**Problem statement**: Output the data that follows, keeping every line identical.

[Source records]
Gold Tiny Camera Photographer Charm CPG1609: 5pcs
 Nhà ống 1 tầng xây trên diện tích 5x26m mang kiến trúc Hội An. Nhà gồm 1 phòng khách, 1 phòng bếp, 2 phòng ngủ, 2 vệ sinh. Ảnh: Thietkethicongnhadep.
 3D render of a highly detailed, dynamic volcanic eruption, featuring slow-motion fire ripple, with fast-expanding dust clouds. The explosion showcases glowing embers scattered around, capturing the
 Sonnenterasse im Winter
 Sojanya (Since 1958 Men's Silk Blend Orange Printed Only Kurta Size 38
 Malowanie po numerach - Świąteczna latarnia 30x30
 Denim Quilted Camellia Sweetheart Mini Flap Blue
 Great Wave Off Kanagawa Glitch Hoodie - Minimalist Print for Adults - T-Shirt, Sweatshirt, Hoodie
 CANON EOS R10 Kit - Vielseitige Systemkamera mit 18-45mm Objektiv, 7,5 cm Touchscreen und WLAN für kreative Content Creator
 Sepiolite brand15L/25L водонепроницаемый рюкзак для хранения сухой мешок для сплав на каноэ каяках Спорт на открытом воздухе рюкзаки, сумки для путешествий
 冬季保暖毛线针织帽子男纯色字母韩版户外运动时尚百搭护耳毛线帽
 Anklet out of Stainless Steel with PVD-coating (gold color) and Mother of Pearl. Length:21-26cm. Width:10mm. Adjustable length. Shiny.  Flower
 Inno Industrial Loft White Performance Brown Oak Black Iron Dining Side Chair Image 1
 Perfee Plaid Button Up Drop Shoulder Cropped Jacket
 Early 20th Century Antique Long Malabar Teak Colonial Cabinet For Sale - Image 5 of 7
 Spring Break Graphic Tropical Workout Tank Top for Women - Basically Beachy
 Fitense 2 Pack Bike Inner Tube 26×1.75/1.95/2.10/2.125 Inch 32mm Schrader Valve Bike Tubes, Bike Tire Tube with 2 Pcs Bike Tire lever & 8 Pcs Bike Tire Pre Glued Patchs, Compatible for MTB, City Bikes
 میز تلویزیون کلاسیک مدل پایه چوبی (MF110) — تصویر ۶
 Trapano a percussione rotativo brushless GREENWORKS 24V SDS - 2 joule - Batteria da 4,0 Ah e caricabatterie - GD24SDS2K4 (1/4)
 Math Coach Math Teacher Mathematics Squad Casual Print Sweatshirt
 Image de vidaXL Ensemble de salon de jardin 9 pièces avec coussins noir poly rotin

**Result**:
Gold Tiny Camera Photographer Charm CPG1609: 5pcs
 Nhà ống 1 tầng xây trên diện tích 5x26m mang kiến trúc Hội An. Nhà gồm 1 phòng khách, 1 phòng bếp, 2 phòng ngủ, 2 vệ sinh. Ảnh: Thietkethicongnhadep.
 3D render of a highly detailed, dynamic volcanic eruption, featuring slow-motion fire ripple, with fast-expanding dust clouds. The explosion showcases glowing embers scattered around, capturing the
 Sonnenterasse im Winter
 Sojanya (Since 1958 Men's Silk Blend Orange Printed Only Kurta Size 38
 Malowanie po numerach - Świąteczna latarnia 30x30
 Denim Quilted Camellia Sweetheart Mini Flap Blue
 Great Wave Off Kanagawa Glitch Hoodie - Minimalist Print for Adults - T-Shirt, Sweatshirt, Hoodie
 CANON EOS R10 Kit - Vielseitige Systemkamera mit 18-45mm Objektiv, 7,5 cm Touchscreen und WLAN für kreative Content Creator
 Sepiolite brand15L/25L водонепроницаемый рюкзак для хранения сухой мешок для сплав на каноэ каяках Спорт на открытом воздухе рюкзаки, сумки для путешествий
 冬季保暖毛线针织帽子男纯色字母韩版户外运动时尚百搭护耳毛线帽
 Anklet out of Stainless Steel with PVD-coating (gold color) and Mother of Pearl. Length:21-26cm. Width:10mm. Adjustable length. Shiny.  Flower
 Inno Industrial Loft White Performance Brown Oak Black Iron Dining Side Chair Image 1
 Perfee Plaid Button Up Drop Shoulder Cropped Jacket
 Early 20th Century Antique Long Malabar Teak Colonial Cabinet For Sale - Image 5 of 7
 Spring Break Graphic Tropical Workout Tank Top for Women - Basically Beachy
 Fitense 2 Pack Bike Inner Tube 26×1.75/1.95/2.10/2.125 Inch 32mm Schrader Valve Bike Tubes, Bike Tire Tube with 2 Pcs Bike Tire lever & 8 Pcs Bike Tire Pre Glued Patchs, Compatible for MTB, City Bikes
 میز تلویزیون کلاسیک مدل پایه چوبی (MF110) — تصویر ۶
 Trapano a percussione rotativo brushless GREENWORKS 24V SDS - 2 joule - Batteria da 4,0 Ah e caricabatterie - GD24SDS2K4 (1/4)
 Math Coach Math Teacher Mathematics Squad Casual Print Sweatshirt
 Image de vidaXL Ensemble de salon de jardin 9 pièces avec coussins noir poly rotin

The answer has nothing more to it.